Exercise data:
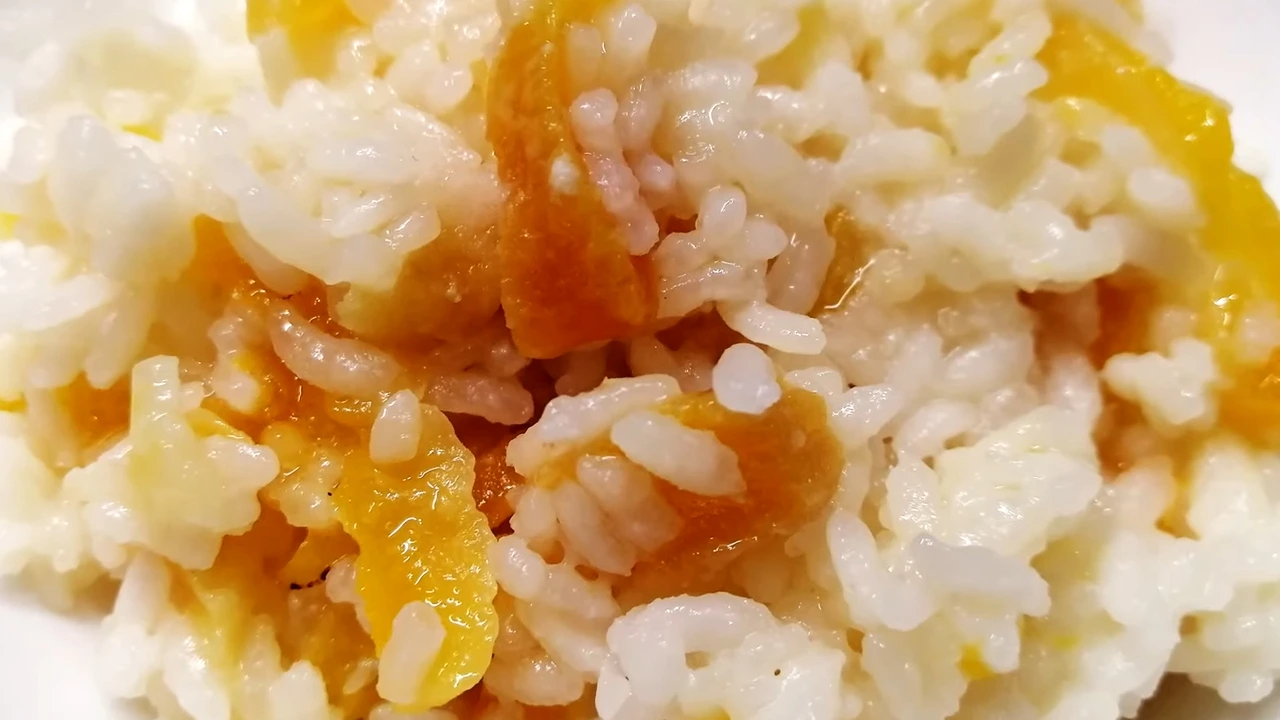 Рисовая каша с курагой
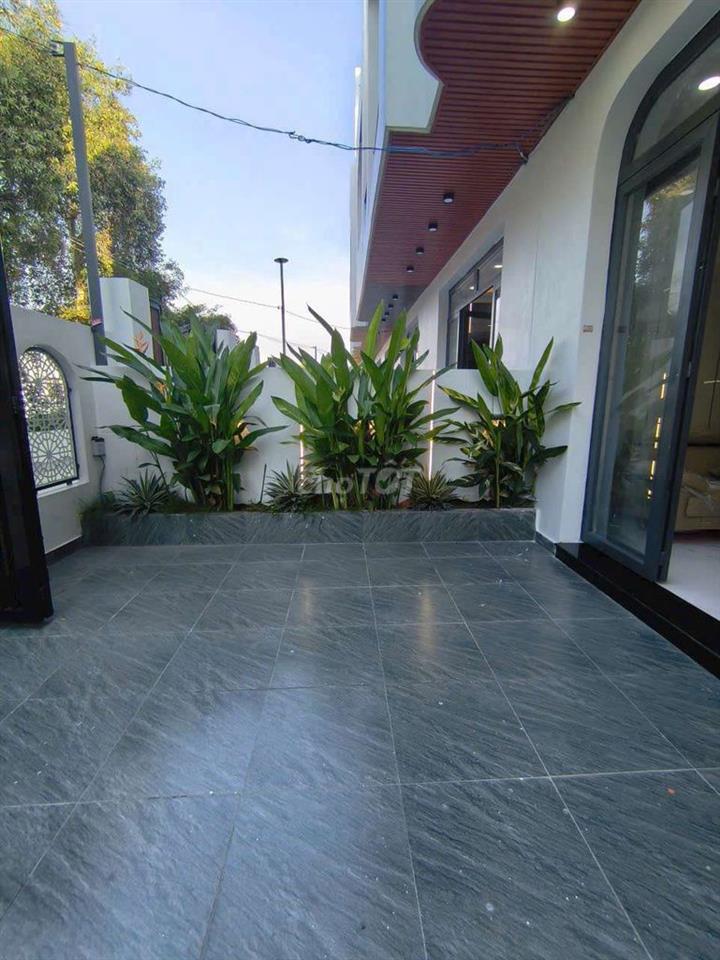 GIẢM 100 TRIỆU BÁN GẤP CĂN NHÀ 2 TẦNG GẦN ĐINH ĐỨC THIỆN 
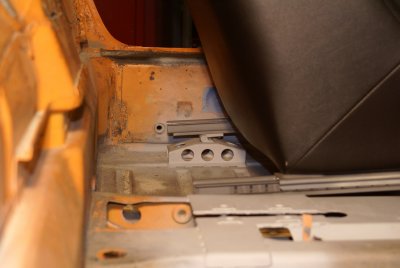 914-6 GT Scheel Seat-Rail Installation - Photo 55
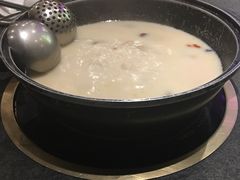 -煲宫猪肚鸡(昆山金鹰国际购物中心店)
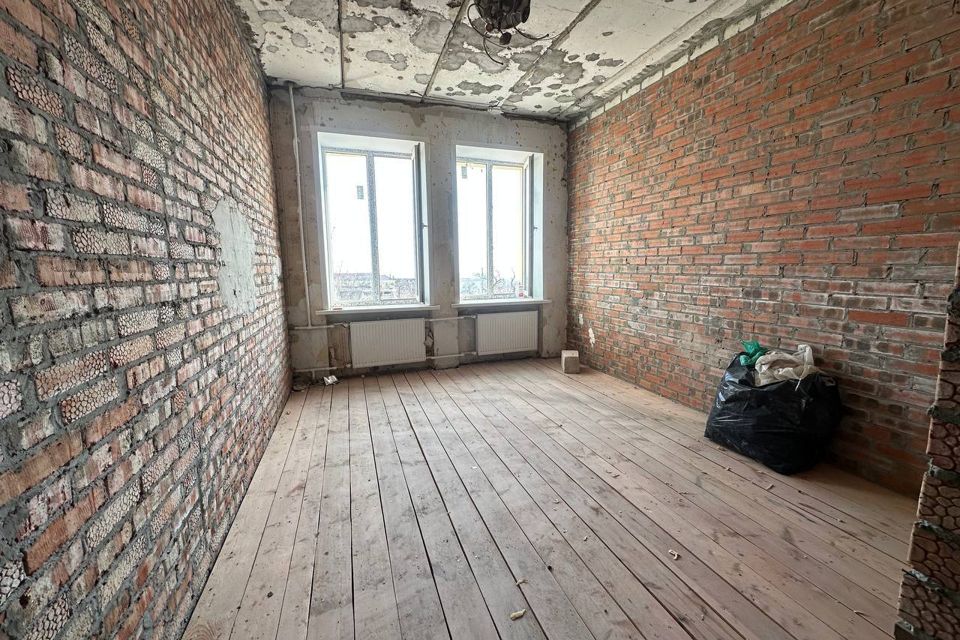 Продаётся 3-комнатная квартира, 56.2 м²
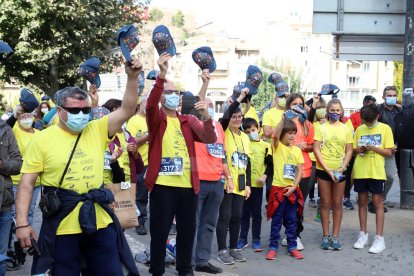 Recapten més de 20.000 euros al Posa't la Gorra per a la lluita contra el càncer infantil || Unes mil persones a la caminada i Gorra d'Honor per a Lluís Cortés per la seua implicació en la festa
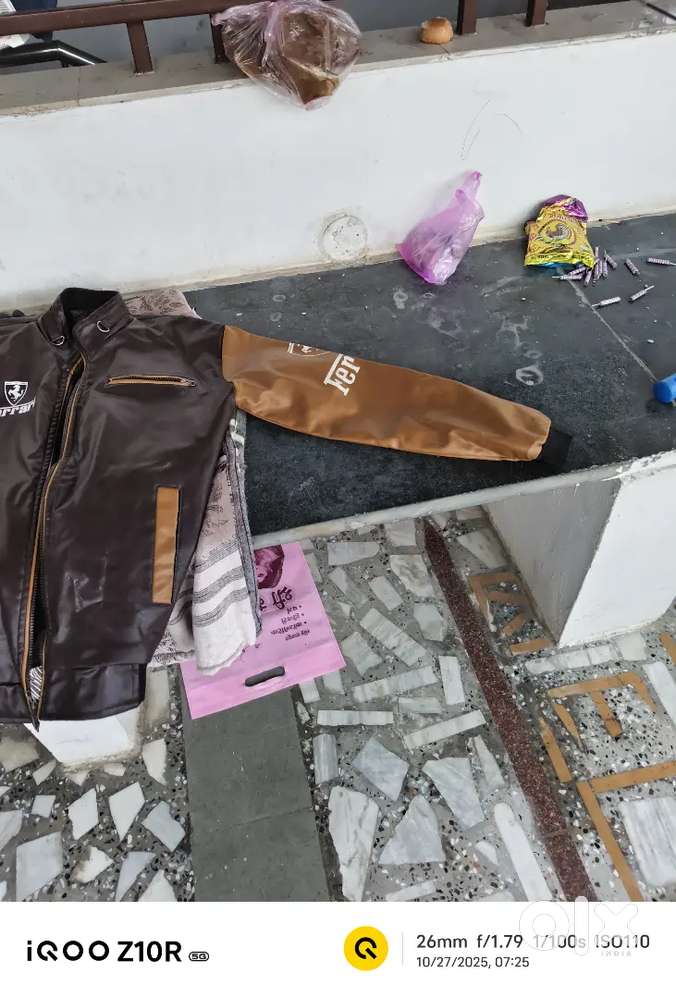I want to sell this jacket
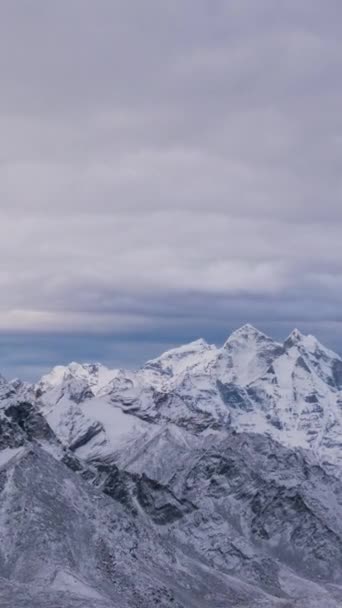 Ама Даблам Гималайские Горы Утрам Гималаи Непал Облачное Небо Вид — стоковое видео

--

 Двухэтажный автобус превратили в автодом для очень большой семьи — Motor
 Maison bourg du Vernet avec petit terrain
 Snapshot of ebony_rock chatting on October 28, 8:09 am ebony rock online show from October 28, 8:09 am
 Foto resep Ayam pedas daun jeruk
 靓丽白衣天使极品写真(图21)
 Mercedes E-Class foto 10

Task description:
Write back word for word every line in the entries above from the one with "914-6 GT Scheel" to the one with "I want to sell this jacket", ends included, and none of the pictures.

Response to the exercise:
 914-6 GT Scheel Seat-Rail Installation - Photo 55
 -煲宫猪肚鸡(昆山金鹰国际购物中心店)
 Продаётся 3-комнатная квартира, 56.2 м²
 Recapten més de 20.000 euros al Posa't la Gorra per a la lluita contra el càncer infantil || Unes mil persones a la caminada i Gorra d'Honor per a Lluís Cortés per la seua implicació en la festa
I want to sell this jacket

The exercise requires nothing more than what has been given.